If spammers were legitimate direct marketters then they would:
a. not forge addresses and headers
b. not repeatedly try to get around the filters that those of us who don't want spam set up.
However, my oppinion on all direct marketting is that it should be banned - it is intrusive, I never asked for it and no matter how many times you ask the marketters not to contact you they still do. I make a point of never buying anything from anyone who has tried to direct market to me. I wonder if anyone has done any research on how many customers companies lose through direct marketting (obviously it's offset by the morons who respond to the marketting but I'd still be interested to see the results of such research).
Most of the direct marketting I receive is completely untargetted:
Mailshots - I get both junk addressed to me (even though I'm registered on the Mail Preference Service) and stuff hand delivered (no, oddly I'm not interested in selling my house... especially since there is a bloody "sold" sign outside indicating that I only just bought the place)
Telemarketting - luckilly most of the telemarketters actually take notice of the Telephone Preference Service register and I don't get too many of these... I still occasionally get cellphone companies phoning my cellphone (which is still on contract - I can't change provider for another 10 months) asking if I want to switch provider.

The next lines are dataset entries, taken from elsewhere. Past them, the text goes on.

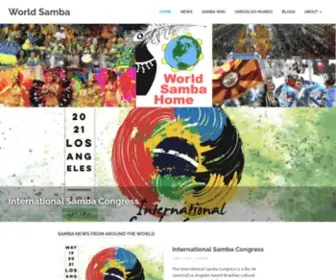 Worldsamba.org(World samba) Screenshot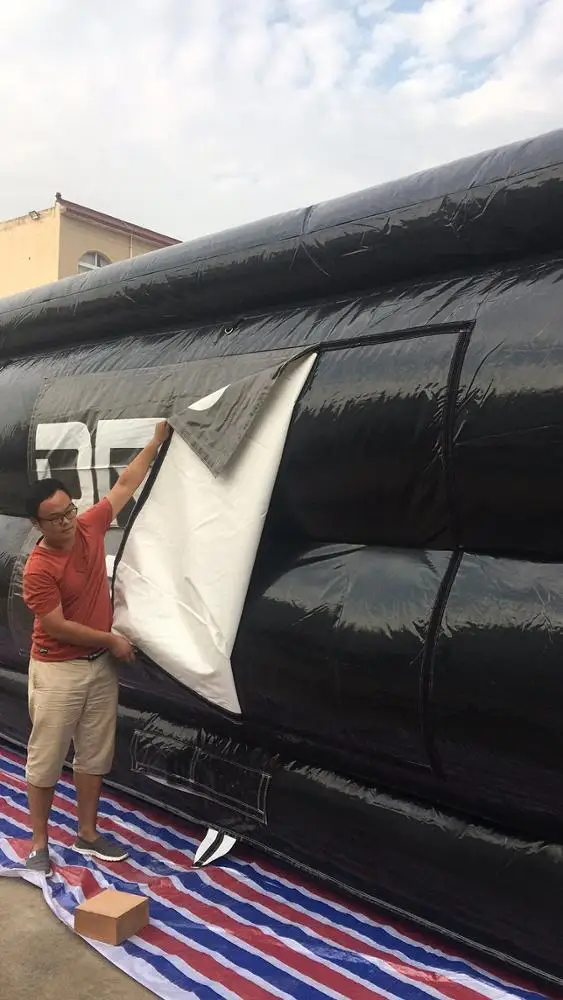 Freefall extreme sports Inflatable Landing Stunt jump Bag, Inflatable stunt landing airbag, Stunt Landing Mats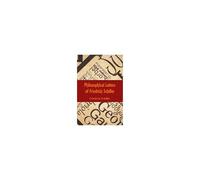 Philosophical Letters Of Friedrich Schiller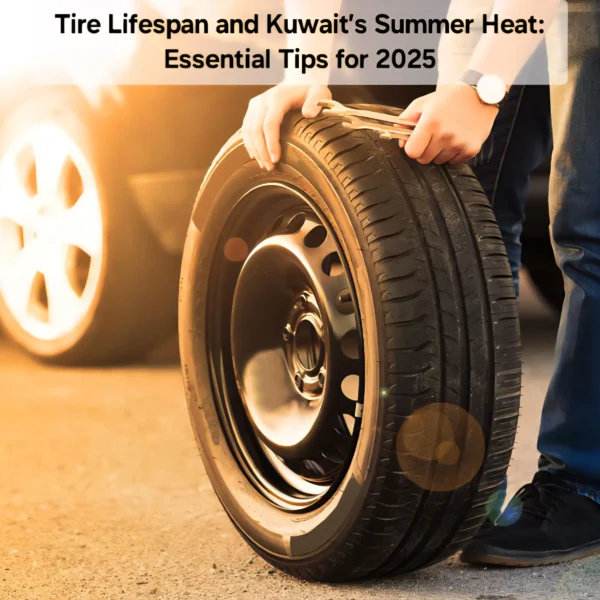 Tire Lifespan and Kuwait’s Summer Heat: Essential Tips for 2025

Spam - oddly enough I'm not interested in making my pen!5 big.g3r - it's just fine as it is thank you.
SMS spam - all those people who claim that charging per email would prevent email spam take your lessons from SMS spam - the operators pay per message there and there is still a huge amount of untargetted crap delivered to my phone even though it's been illegal since December 11th last year. The messages also usually arrive in the middle of the night and wake me up (I have to have my phone turned on when I'm on call)
I am also having problems with the reverse-billed SMS services - technically you have to subscribe to them, but I have never subscribed but have been receiving reverse billed SMS messages. My operator won't do anything about it and tell me I have to contact the company sending the messages (who never answer their phone), so instead I have to contact ICSTIS, who's phones are always busy. Orange have told me there is no way for me to block reverse billed SMS messages and that if I refuse the pay the bill then they will cancel both my handsets and record a bad debt on my credit record. Nice industry - I hate them more than the email spammers.
http://blog.nexusuk.org
> You can't even be vaguely serious with what you are saying.
I'm not the OP, but as someone who's called for spammer abuse on so many occasions I feel totally qualified to reply. Do I frequently shout "death to spammers!" and imagine Scott Richter being serially molested by the '76 Raiders? Yes. If I had Alan Ralsky tied in front of me with a bat in my hand, would I cave his skull in? Of course not.
But I'd sure think about it.
And, depending on the state of my inbox that morning, he might walk out with a severe limp.
I'm not a violent person, but spammers sure bring out the black thoughts in me. Why? Because at the core of it they're just *rude*, and that's maddening to me. Imagine this dialogue...
"I am a spammer. I will clog inboxes, I will waste the bandwidth of countless ISP's, and I will force countless thousands of dollars to be spent on support that could be easily avoided. I will send pornography to children, I will taunt truly lonely people by making them think that they have a secret admirer, and I will help people in dire financial straits sink further into debt by promising them spectacular returns on garbage investments. I know that my messages are unwanted, as evidenced by the elaborate and unethical means by which I operate, but I will send them anyway. When I press this button I will harass, inconvenience, and annoy literally millions of people. With each email I send, I confirm that for a few dollars in my pocket I will rob countless others of their time, their money, and the promise of what the net used to be. But I am a spammer, I am an asshole, and I don't care."
Now imagine that coming out of Ralsky's smug face as he stands in his mansion.
And imagine that bat in your hand.
You don't want to swing? Not even a little?